==== DATA UNDER STUDY

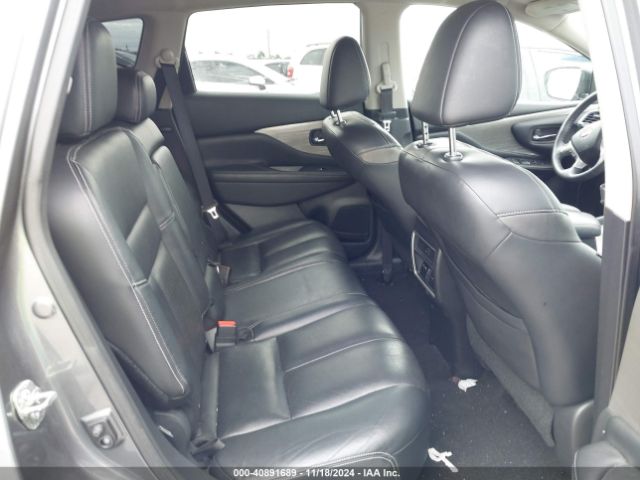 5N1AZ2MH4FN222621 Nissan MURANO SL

========
==== DATA UNDER STUDY

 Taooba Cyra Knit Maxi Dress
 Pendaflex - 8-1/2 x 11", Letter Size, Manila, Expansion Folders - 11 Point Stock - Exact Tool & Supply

========
==== DATA UNDER STUDY

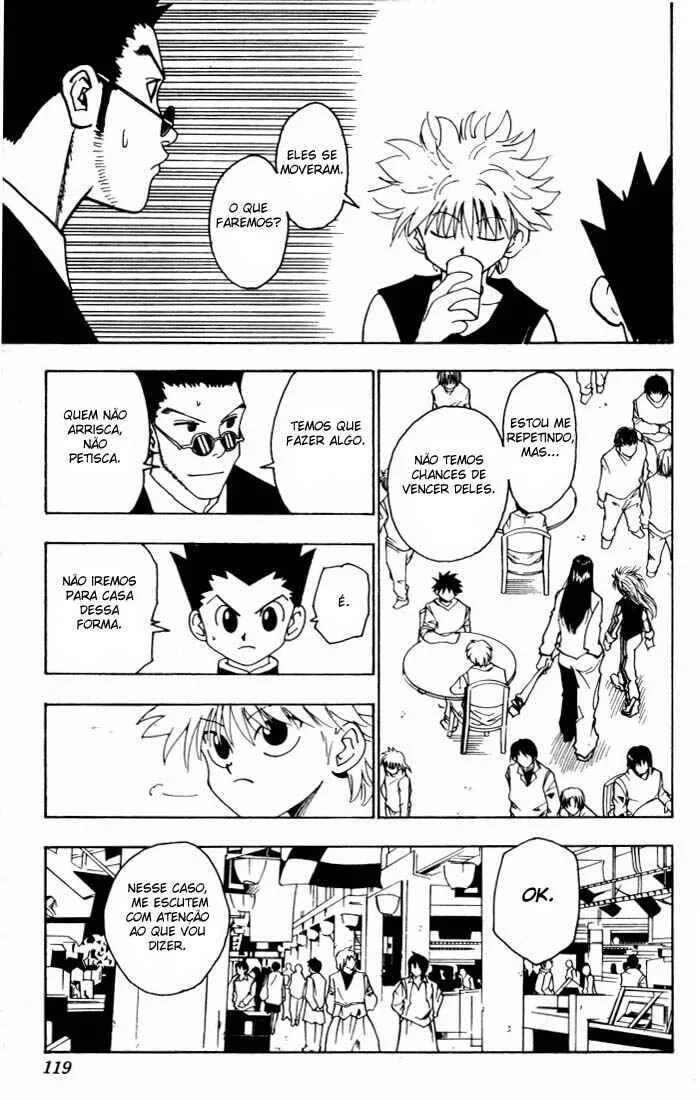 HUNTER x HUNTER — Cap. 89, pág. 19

========

_WHAT THE EXERCISE ASKS_
In the listing above, locate the line containing "Taooba Cyra Knit Maxi Dress" and the line containing "Pendaflex - 8-1/2". Transcribe those two lines and everything between them, exactly as written.

_SOLVED EXERCISE_
 Taooba Cyra Knit Maxi Dress
 Pendaflex - 8-1/2 x 11", Letter Size, Manila, Expansion Folders - 11 Point Stock - Exact Tool & Supply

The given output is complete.